Em todo isso os outros são importantes. Olhar para o espelho, esse dono da nossa estima, ou sentir-nos olhados, é um apelo à nossa beleza, a ser elegantes e atraentes para merecer a estima e o reconhecimento próprio e alheio. Quem ama sua dignidade cuida da sua elegância. E assim, o cuidado da própria aparência acrescenta à pessoa o quê de beleza que a faz amável e atraente. É uma preparação para o encontro com os outros, uma busca pela nobreza humana do conviver, a criação de um âmbito que está para além da pura utilidade: a apresentação alegre e festiva da pessoa. Ser elegantes consiste em saber encontrar sempre motivos para expressar a alegria por meio do adorno.

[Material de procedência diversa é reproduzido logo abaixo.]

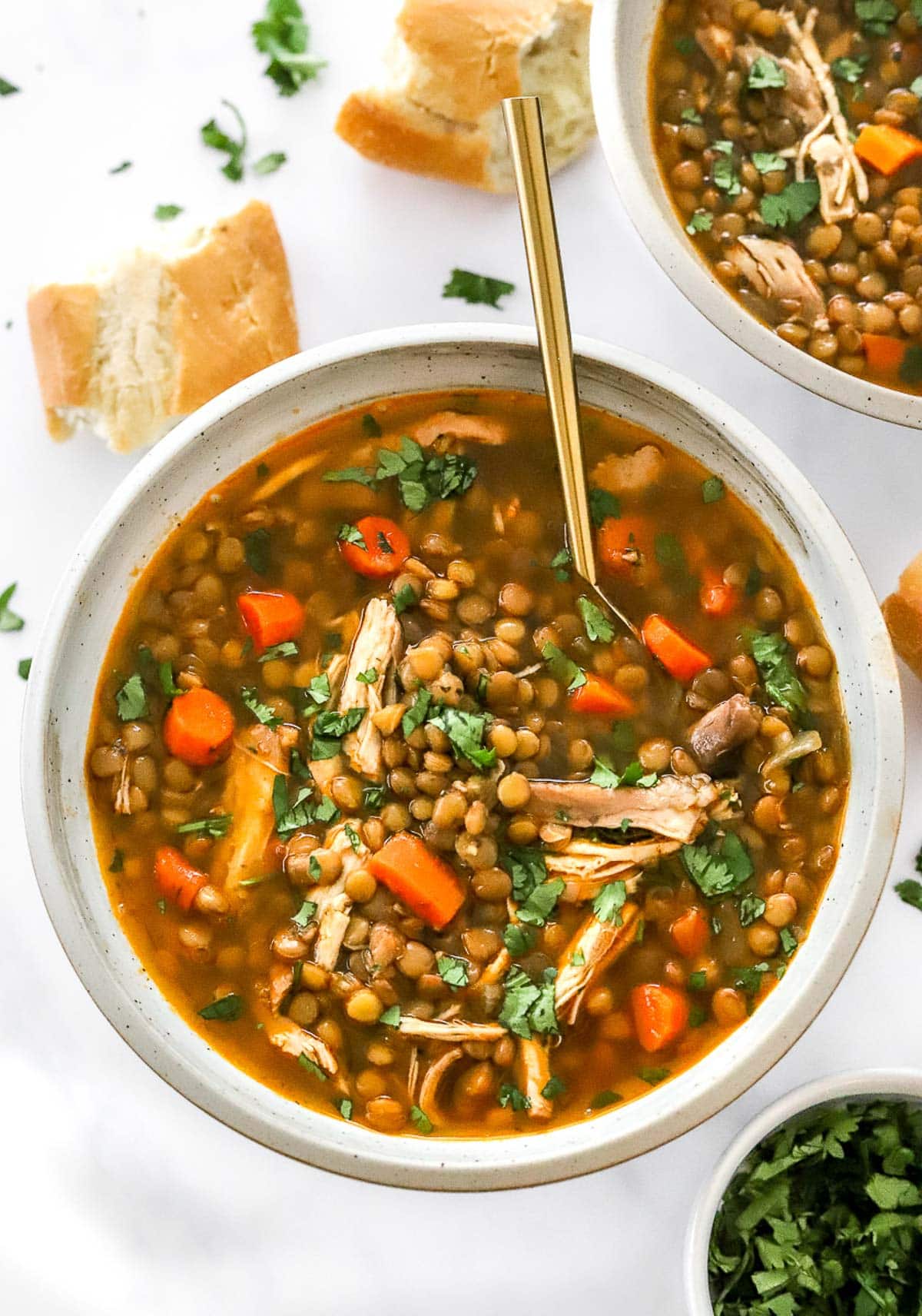Chicken lentil soup with carrots and parsley in a bowl with spoon.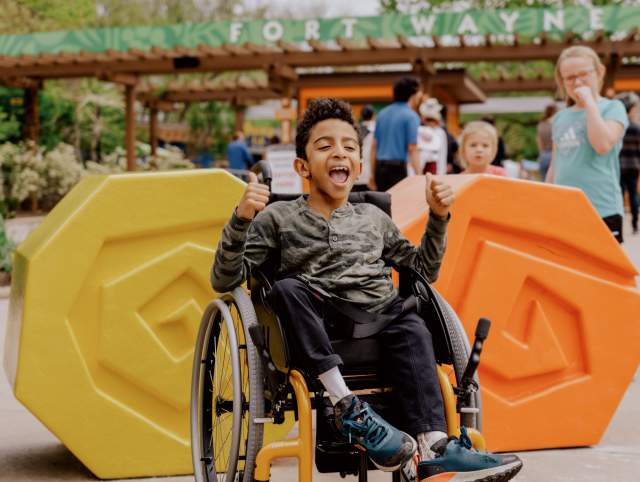 Boy in wheelchair enjoying the zoo
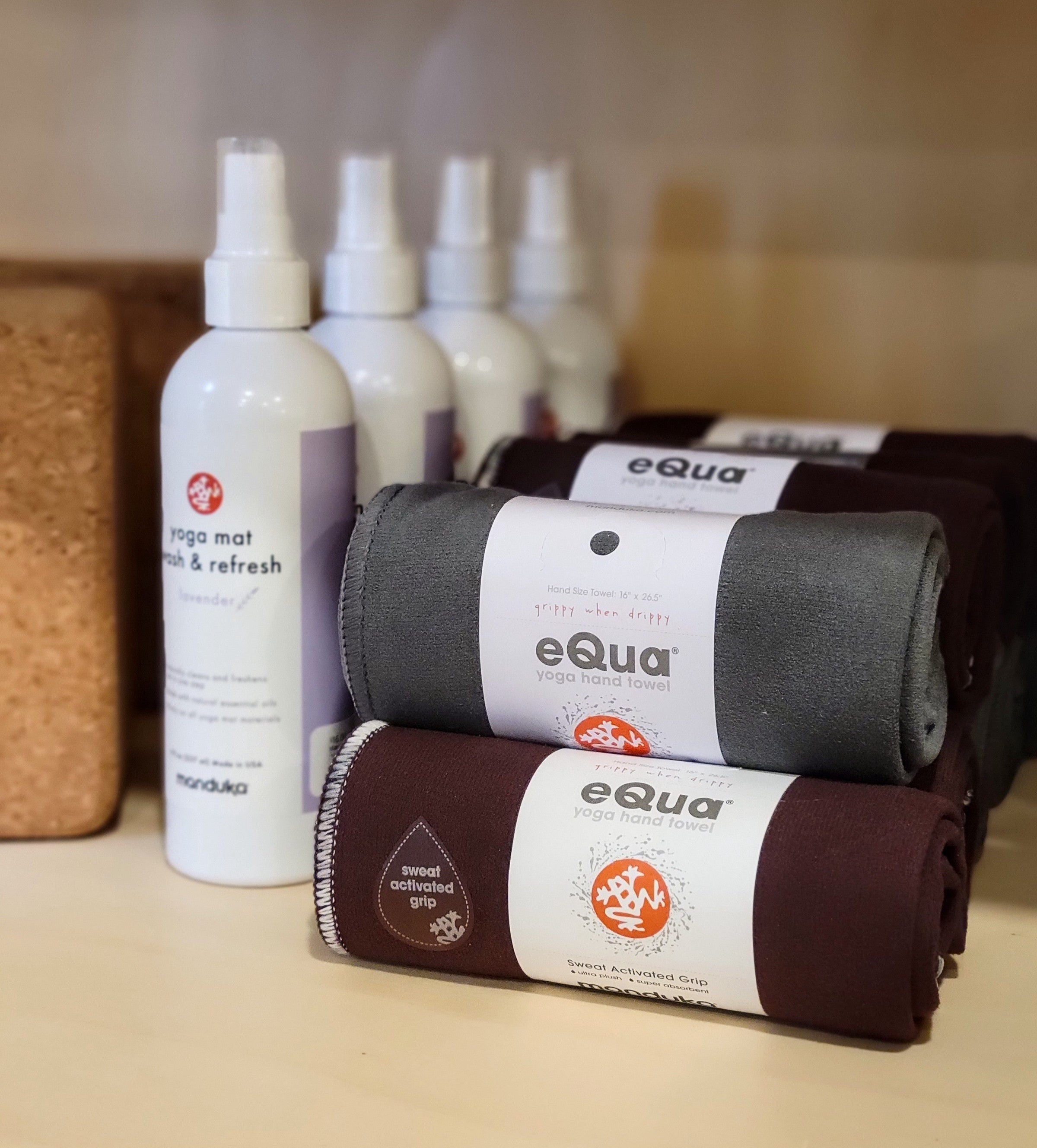 Rolled up yoga towels next to mat spray on a shelf.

Nada foi ainda dito sobre criação de elegância. Costuma dar-se por meio de modelos (aqui em sentido estrito) que encarnam visivelmente o cânon da beleza corporal vigente em cada momento, e o estilo que se faz moda e referência. Todo ele é socialmente necessário e hoje, como tudo, é realizado de modo profissional e empresarial. A imagem do modelo ou da modelo é muitas vezes multiplicada nos meios de telecomunicação. Mas depois, como acontece com os atores e atrizes, o modelo é instado a falar, a mostrar algo mais que um rosto ou uma roupa. Não pode virar um fetiche: deve possuir de verdade a sua própria imagem, ser além da sua aparência.

Quem adora o fetiche quererá repetir em si uma elegância mecânica e imitada, carente de respeito pelo que um homem ou uma mulher é. O importante é que a elegância não seja apenas uma imitação exterior, mas a expressão de um mundo autenticamente pessoal.

Era isso o que queria dizer, amigo leitor. Se o homem fala, não apenas com as suas palavras, mas também com a sua expressão, com o seu gesto, com a sua figura, dizer as coisas belamente não é apenas bom, mas desejável. Ao fazê-lo dignificamo-nos como pessoas e elevamos ao nível do verdadeiramente humano a comunidade de vida que temos com os outros.